**** ENTRIES PROVIDED

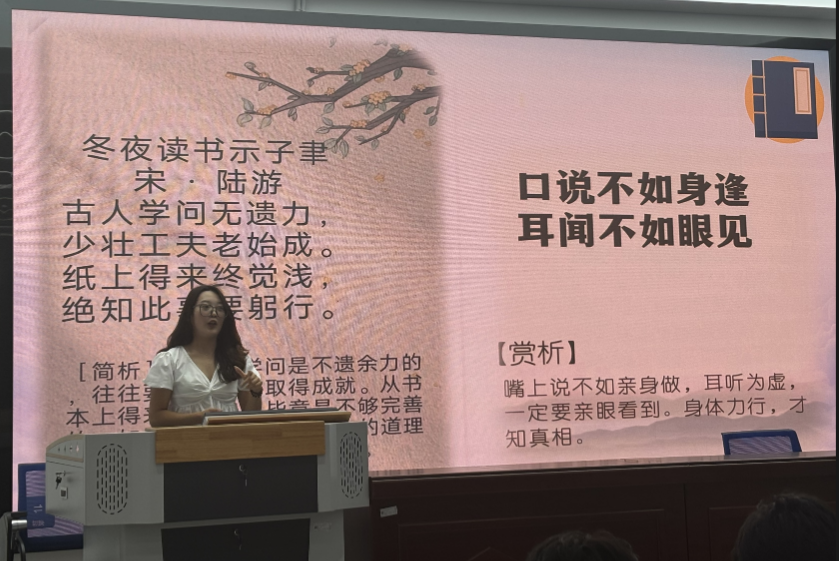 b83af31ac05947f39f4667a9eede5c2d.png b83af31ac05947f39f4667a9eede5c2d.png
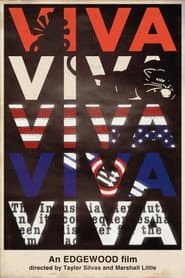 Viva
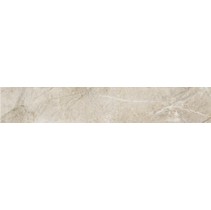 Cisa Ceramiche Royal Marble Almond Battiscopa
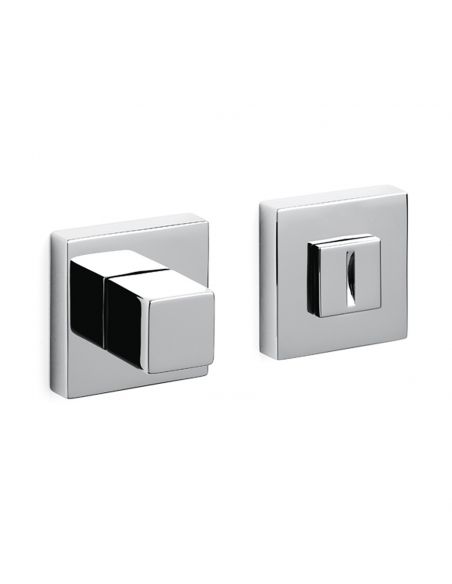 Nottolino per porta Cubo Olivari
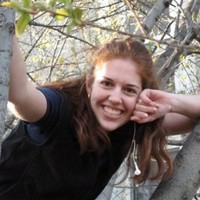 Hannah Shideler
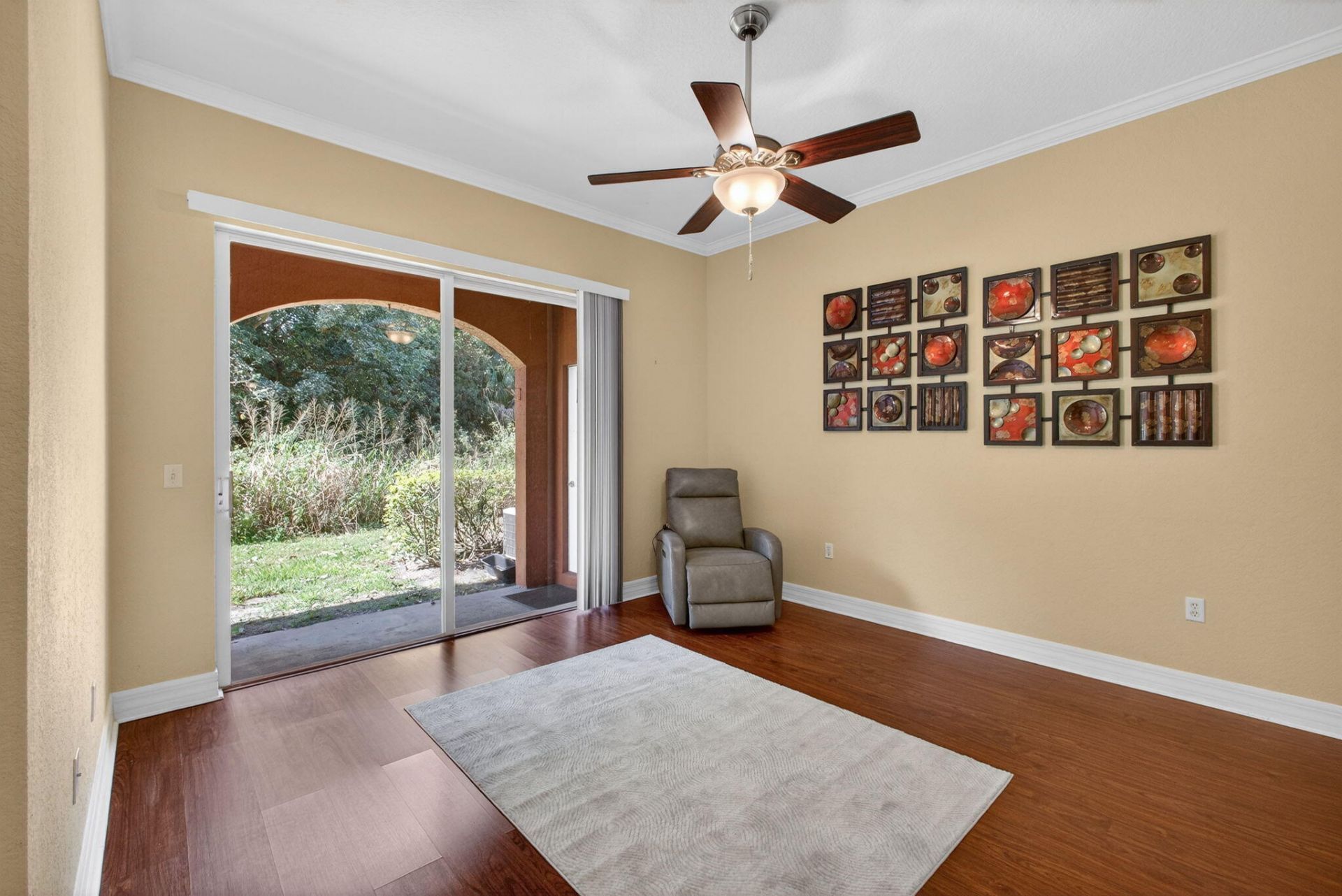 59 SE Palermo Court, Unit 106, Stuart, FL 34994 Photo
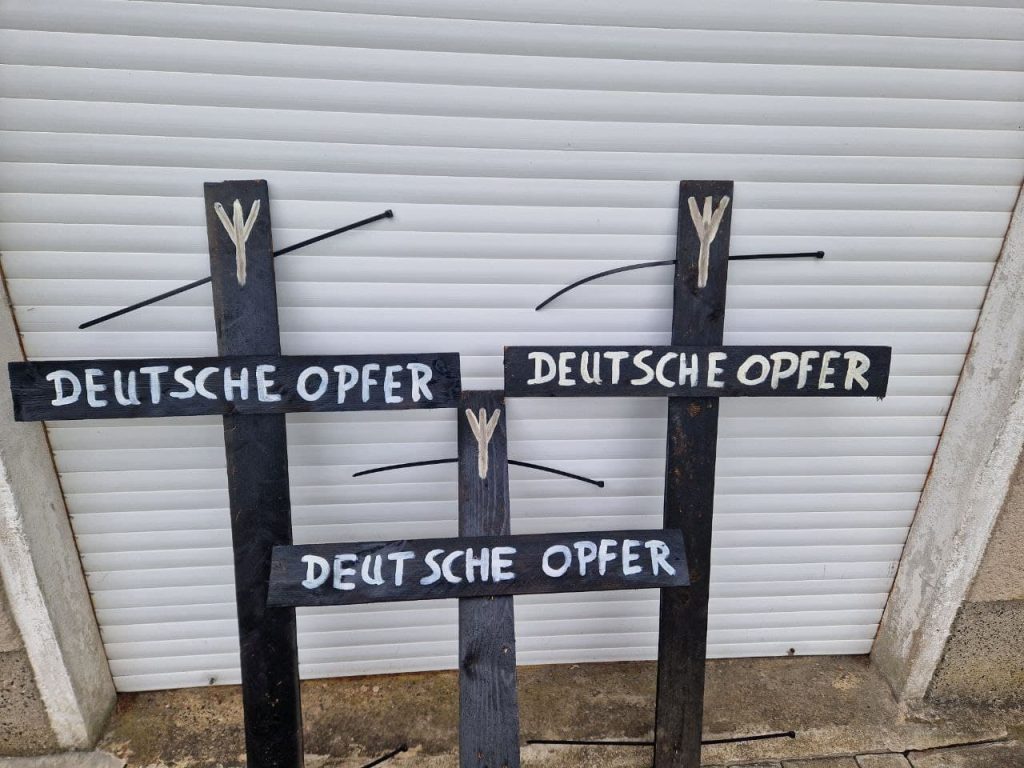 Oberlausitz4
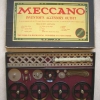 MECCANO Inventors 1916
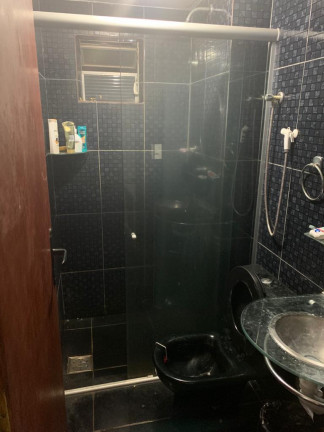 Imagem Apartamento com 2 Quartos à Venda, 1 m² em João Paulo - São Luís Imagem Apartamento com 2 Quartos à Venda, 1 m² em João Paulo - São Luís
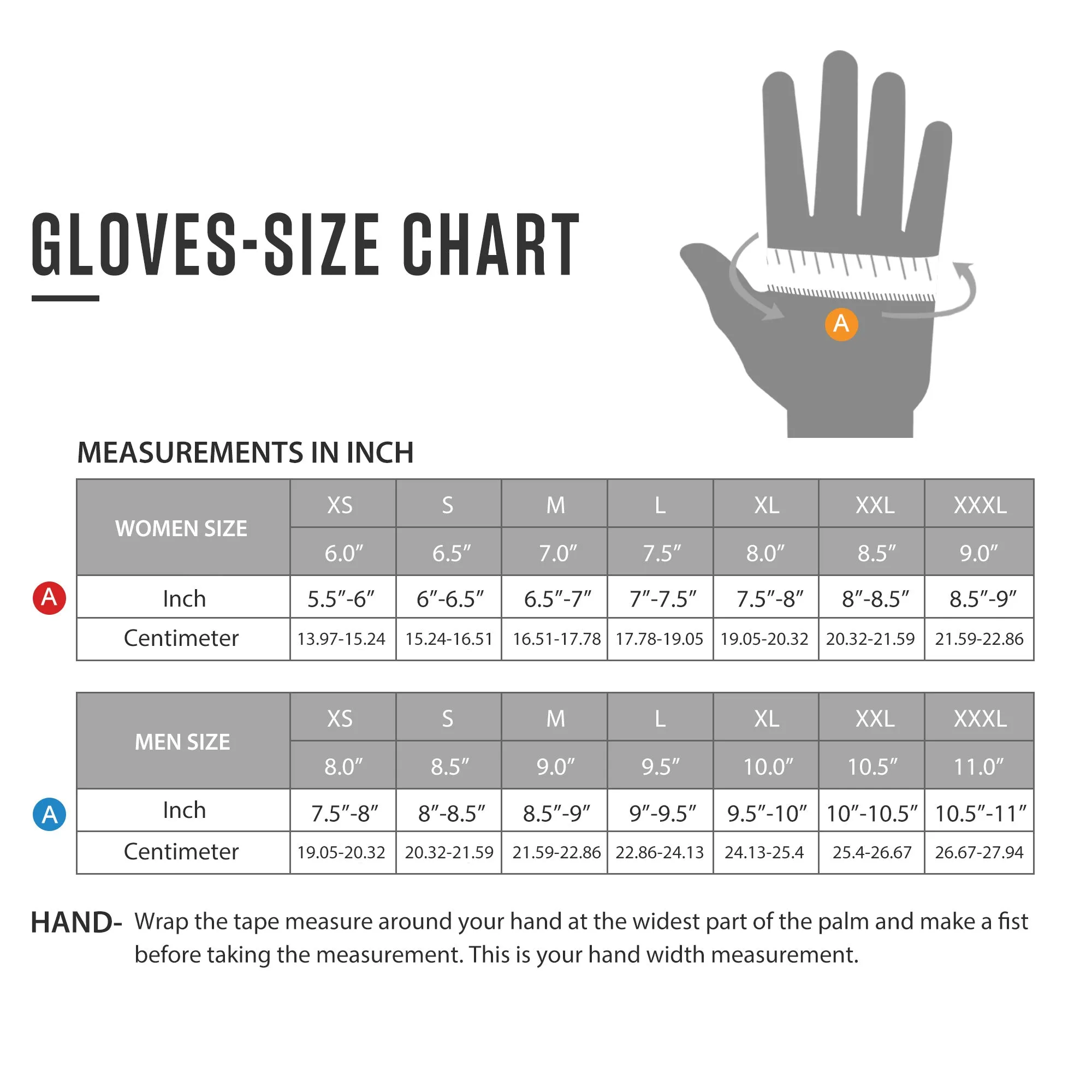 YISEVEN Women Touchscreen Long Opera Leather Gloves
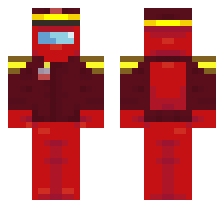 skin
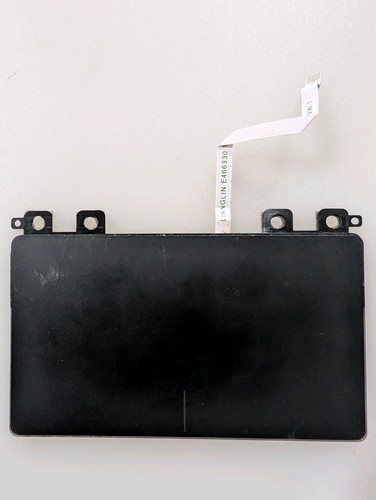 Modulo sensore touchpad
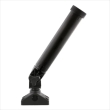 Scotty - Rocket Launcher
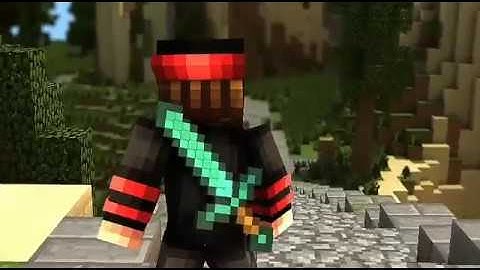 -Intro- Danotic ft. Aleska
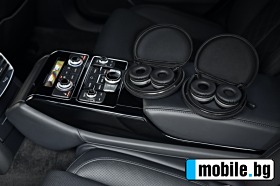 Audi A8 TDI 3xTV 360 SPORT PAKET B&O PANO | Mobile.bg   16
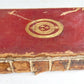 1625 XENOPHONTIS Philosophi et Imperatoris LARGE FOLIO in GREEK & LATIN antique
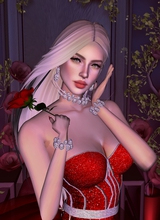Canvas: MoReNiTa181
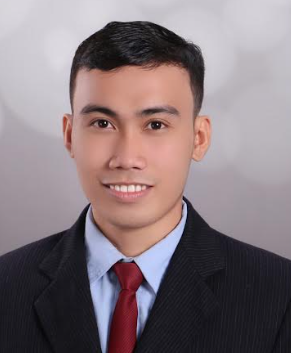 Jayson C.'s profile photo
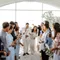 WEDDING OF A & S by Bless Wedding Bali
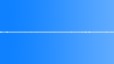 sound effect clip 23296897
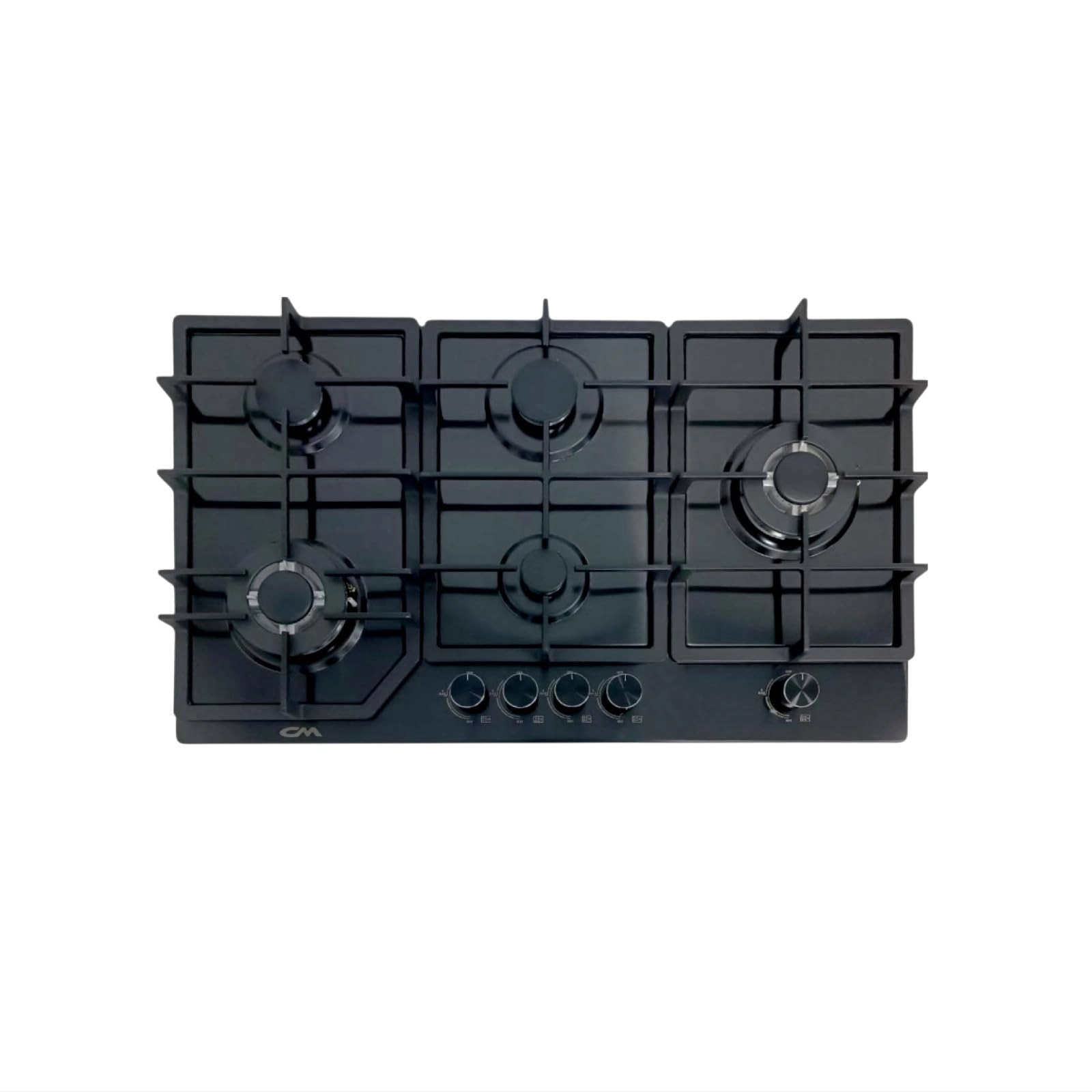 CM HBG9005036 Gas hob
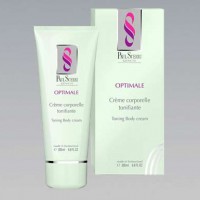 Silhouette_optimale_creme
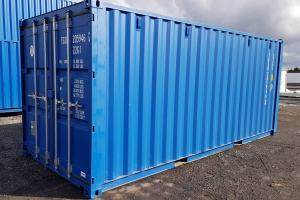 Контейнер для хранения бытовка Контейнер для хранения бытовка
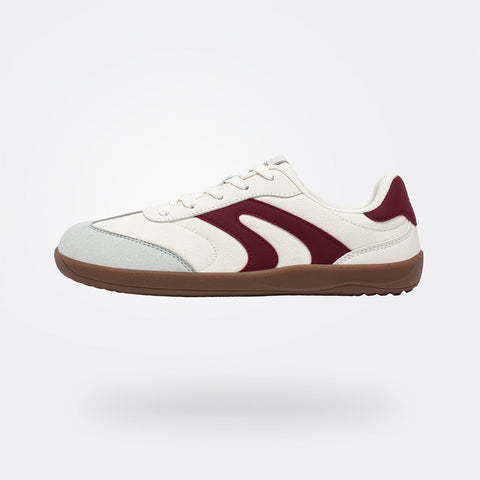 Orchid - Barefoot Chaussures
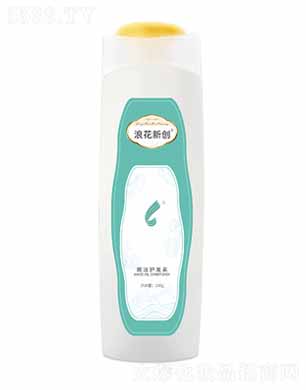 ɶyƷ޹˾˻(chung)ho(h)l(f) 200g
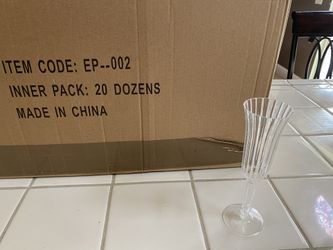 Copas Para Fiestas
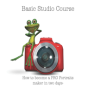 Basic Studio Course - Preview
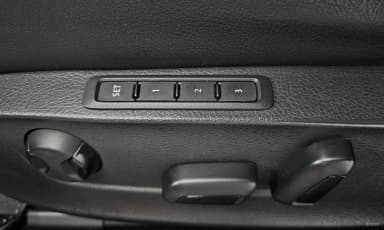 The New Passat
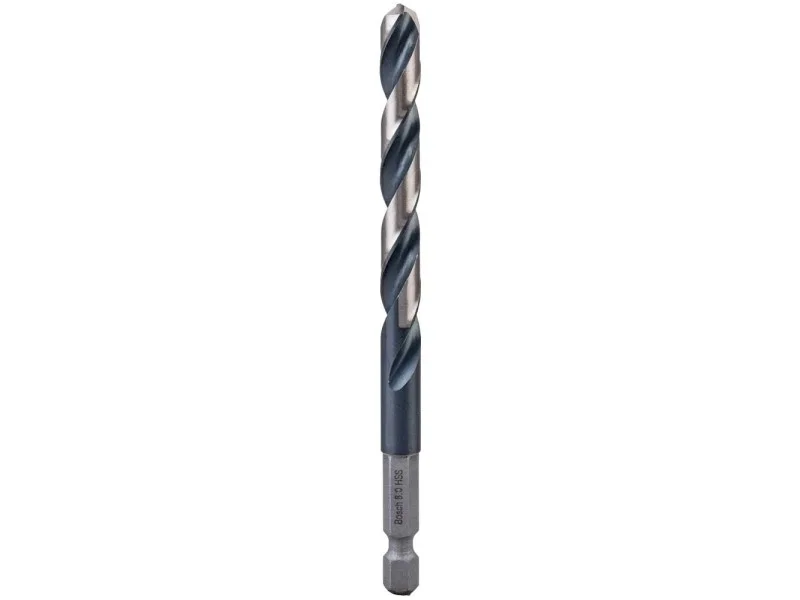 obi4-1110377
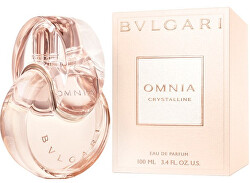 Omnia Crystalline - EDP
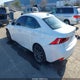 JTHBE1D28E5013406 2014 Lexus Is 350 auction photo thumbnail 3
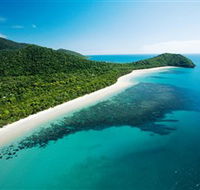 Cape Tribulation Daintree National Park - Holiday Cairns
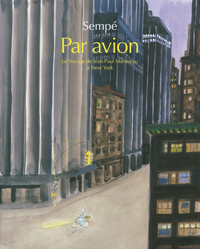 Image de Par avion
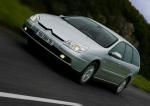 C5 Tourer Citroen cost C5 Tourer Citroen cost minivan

********

WHAT YOU ARE ASKED TO DO
Output, exactly as written, only the lines from the beginning of the listing through the line containing "-Intro- Danotic ft. Aleska", both included, and no pictures.

ANSWER TO THIS EXERCISE
 b83af31ac05947f39f4667a9eede5c2d.png b83af31ac05947f39f4667a9eede5c2d.png
 Viva
 Cisa Ceramiche Royal Marble Almond Battiscopa
 Nottolino per porta Cubo Olivari
 Hannah Shideler
 59 SE Palermo Court, Unit 106, Stuart, FL 34994 Photo
 Oberlausitz4
 MECCANO Inventors 1916
 Imagem Apartamento com 2 Quartos à Venda, 1 m² em João Paulo - São Luís Imagem Apartamento com 2 Quartos à Venda, 1 m² em João Paulo - São Luís
 YISEVEN Women Touchscreen Long Opera Leather Gloves
 skin
 Modulo sensore touchpad
 Scotty - Rocket Launcher
 -Intro- Danotic ft. Aleska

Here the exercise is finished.